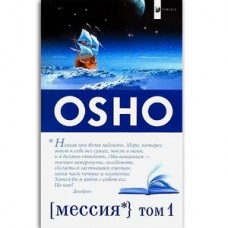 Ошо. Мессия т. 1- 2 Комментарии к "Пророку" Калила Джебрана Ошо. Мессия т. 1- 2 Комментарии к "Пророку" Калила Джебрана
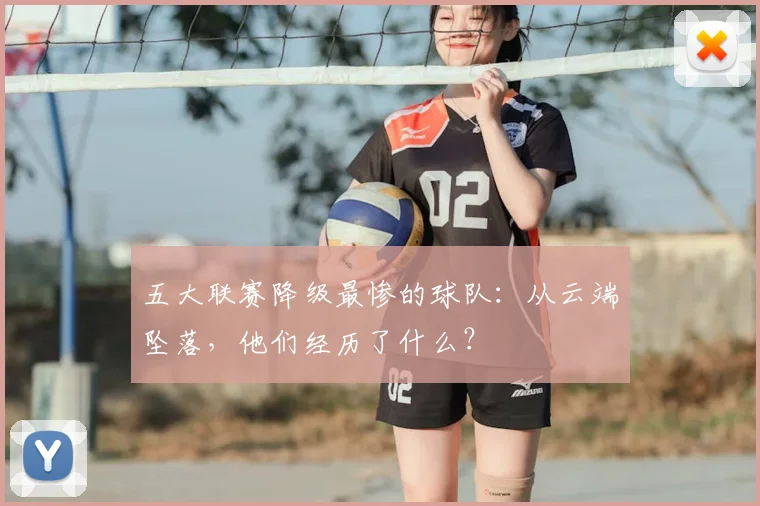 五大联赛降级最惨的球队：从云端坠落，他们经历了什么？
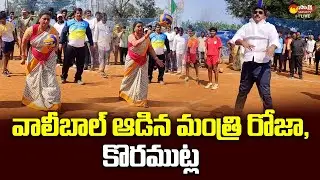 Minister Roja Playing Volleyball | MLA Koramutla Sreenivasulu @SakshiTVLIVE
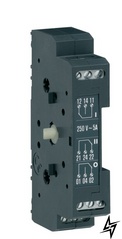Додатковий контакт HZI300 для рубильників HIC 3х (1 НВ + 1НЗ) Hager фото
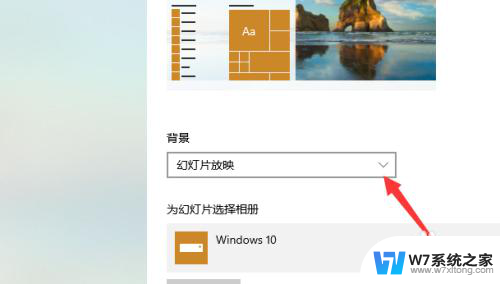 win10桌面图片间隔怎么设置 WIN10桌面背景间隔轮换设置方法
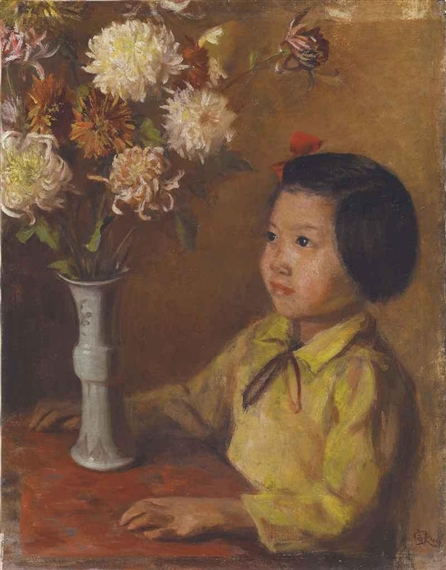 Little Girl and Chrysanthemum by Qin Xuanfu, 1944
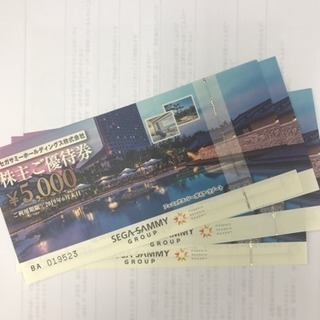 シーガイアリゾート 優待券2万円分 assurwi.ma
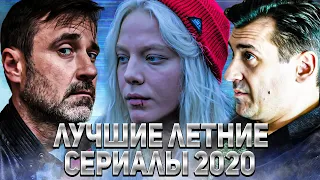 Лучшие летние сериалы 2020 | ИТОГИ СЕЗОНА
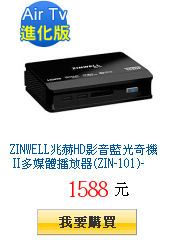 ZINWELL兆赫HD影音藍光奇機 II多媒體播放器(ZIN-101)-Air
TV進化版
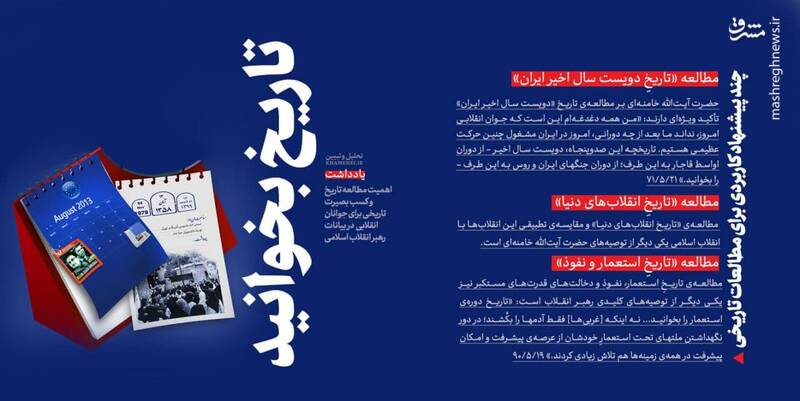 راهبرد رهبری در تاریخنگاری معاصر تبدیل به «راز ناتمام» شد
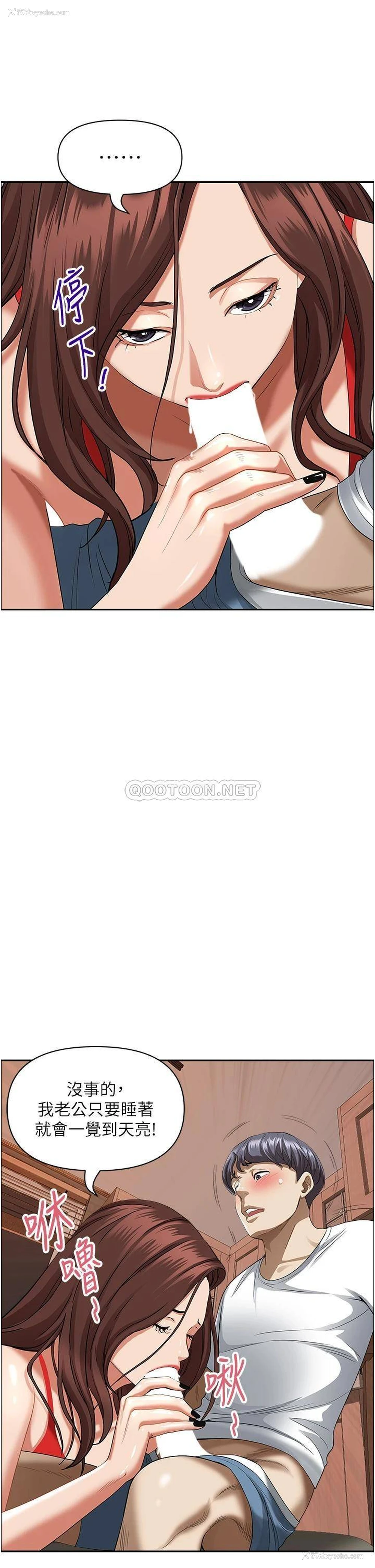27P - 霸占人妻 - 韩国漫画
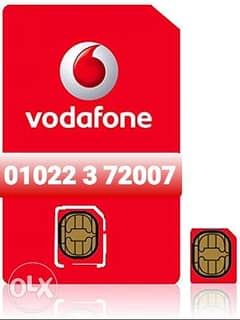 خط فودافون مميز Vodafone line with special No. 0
◆ ◆ ◆ ◆
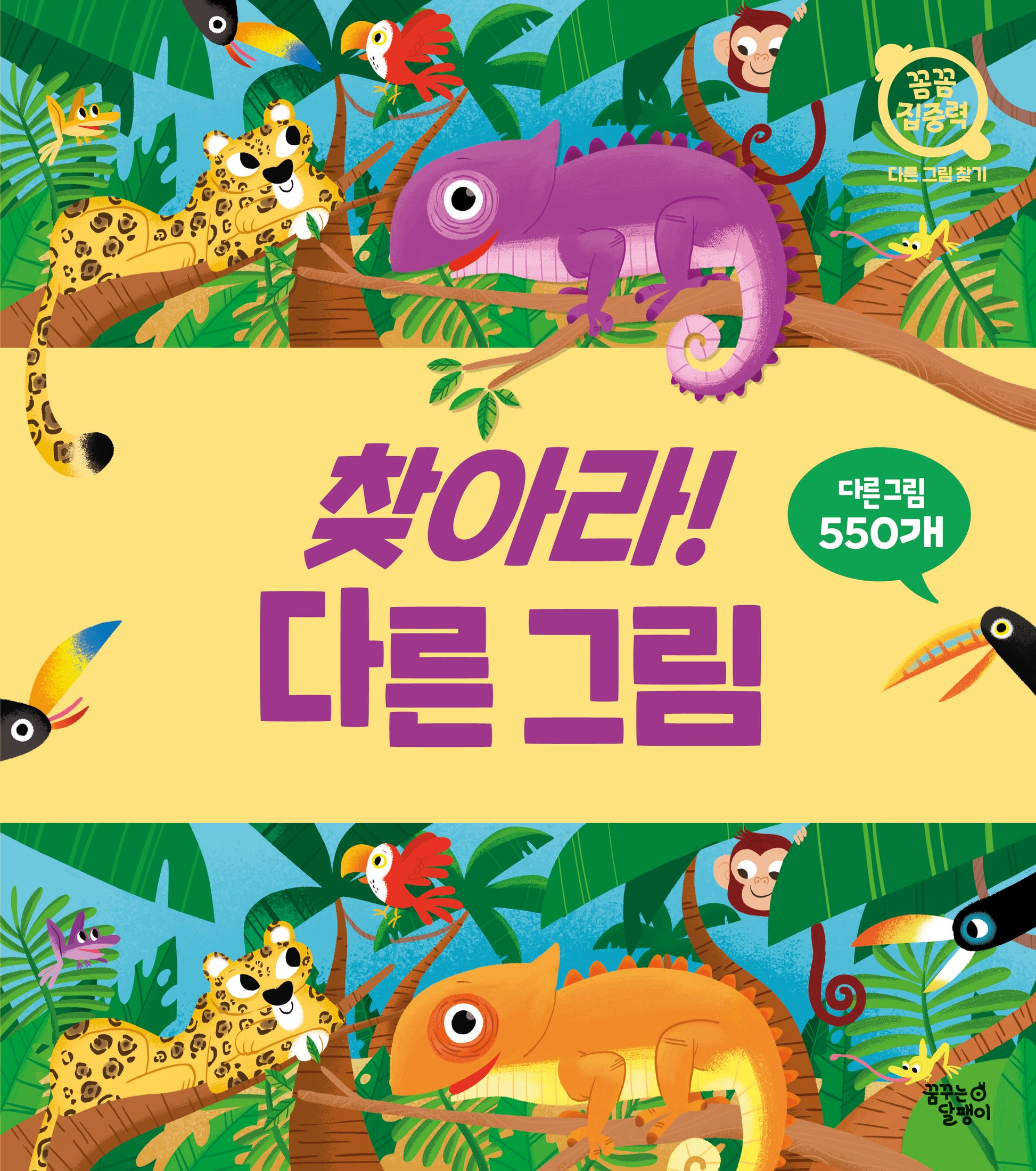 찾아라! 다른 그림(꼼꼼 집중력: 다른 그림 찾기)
◆ ◆ ◆ ◆
_WHAT IS NEEDED:_ Above are records; repeat only the lines from the line with "Лучшие летние сериалы 2020 | ИТОГИ СЕЗОНА" through the line with "خط فودافون مميز", and leave pictures out.

_WRITTEN REPLY:_
 Лучшие летние сериалы 2020 | ИТОГИ СЕЗОНА
 ZINWELL兆赫HD影音藍光奇機 II多媒體播放器(ZIN-101)-Air
TV進化版
 راهبرد رهبری در تاریخنگاری معاصر تبدیل به «راز ناتمام» شد
27P - 霸占人妻 - 韩国漫画
 خط فودافون مميز Vodafone line with special No. 0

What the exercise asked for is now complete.